Scientists from Nanyang Technology University, Singapore (NTU Singapore) have created an artificial intelligence system that recognizes hand gestures using skin-like electronics and computer vision.
The development could lead to the technology being adopted in surgical robots, health monitoring equipment and in gaming systems. Wearable sensors allow the AI to recognize the skin’s sensing ability, which has hampered previous AI gesture recognition systems, NTU Singapore said.
But even with wearable sensors, gesture recognition via AI has been hindered by low quality of data from the sensors due to the poor contact use and the effects of visually blocked objects, as well as poor lighting. Additional challenges come from mismatched datasets in the integration of visual and sensory data, which leads to slower response times.
NTU Singapore created a data fusion system to combat these challenges that uses skin-like stretchable sensors made from single-walled carbon nanotubes and an AI approach that resembles the way skin senses and vision are handled.
The AI system combines three neural network approaches: Machine learning for early visual processing; a multilayer neural network for early somatosensory information processing; and a sparse neural network for visual and somatosensory information together. The result was that the system could recognize human gestures more accurately than existing systems.
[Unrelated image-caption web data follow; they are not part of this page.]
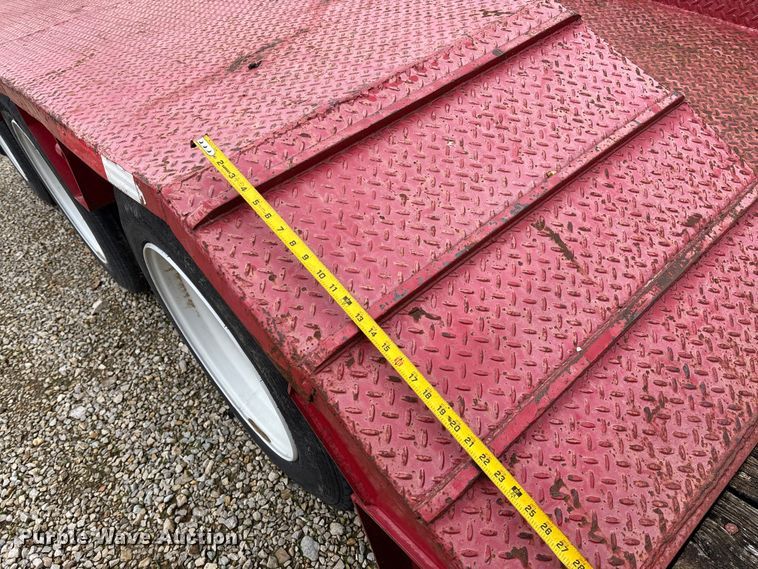 image for item EV3398 1999 Eager Beaver 50GSL/3 lowboy equipment trailer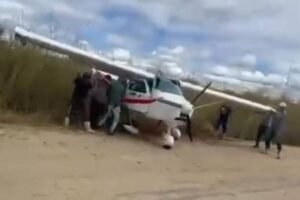 aviao-de-pequeno-porte-derrapa-e-sai-da-pista-durante-pouso-no-ceara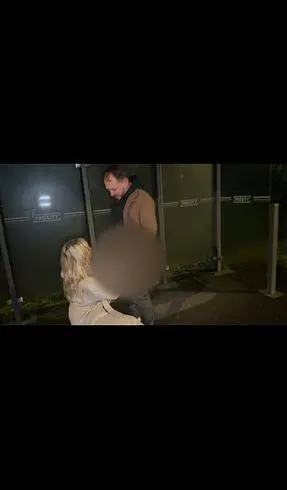 OMG… Ich hab’s getan: Blowjob an der Bushaltestelle!!!!!!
"Our data fusion architecture has its own unique bioinspired features which include a man-made system resembling the somatosensory-visual fusion hierarchy in the brain,” said Chen Xiaodong, professors from the School of Materials Science and Engineering at NTU. “We believe such features make our architecture unique to existing approaches."
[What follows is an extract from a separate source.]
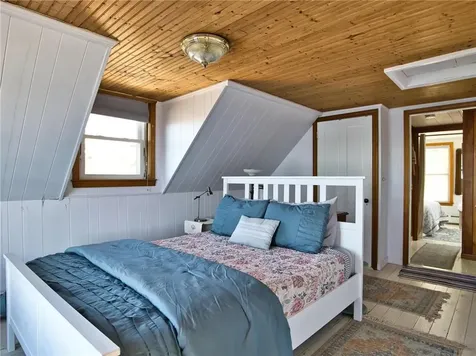 263 Riverside Drive Tiverton RI 2878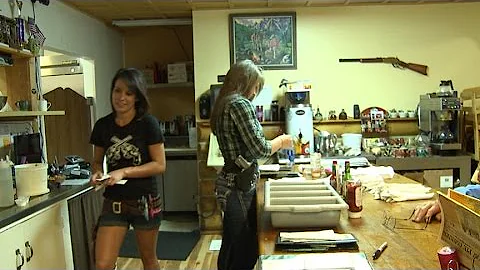 Colorado Restaurant Staff Proudly Open-Carries Han...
Works in poor environments
The transparent, stretchable strain sensor adheres to the skin but cannot be seen in camera images. The AI system was tested using a robot controlled through hand gestures and guided through a maze.
NTU was able to guide the robot through the maze with zero errors through gesture recognition, compared to six recognition errors made by visual-based systems. The system was tested under poor conditions including low noise and low lighting and the system worked effectively in the dark with a recognition accuracy of 96.7%.
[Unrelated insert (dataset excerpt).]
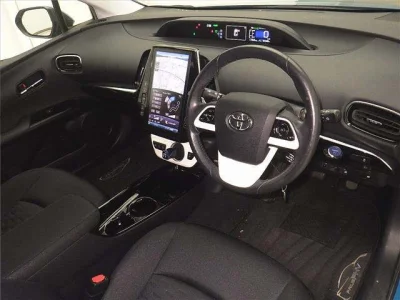 Toyota Prius PHV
"The secret behind the high accuracy in our architecture lies in the fact that the visual and somatosensory information can interact and complement each other at an early stage before carrying out complex interpretation,” said Wang Ming, professor form the School of Materials Science & Engineering at NTU Singapore. “As a result, the system can rationally collect coherent information with less redundant data and less perceptual ambiguity, resulting in better accuracy."
The next steps include looking to build a virtual reality and augmented reality system based on the AI system for use in areas where recognition and control are needed such as entertainment technologies and rehabilitation in the home.
The full research can be found in the journal Nature Electronics.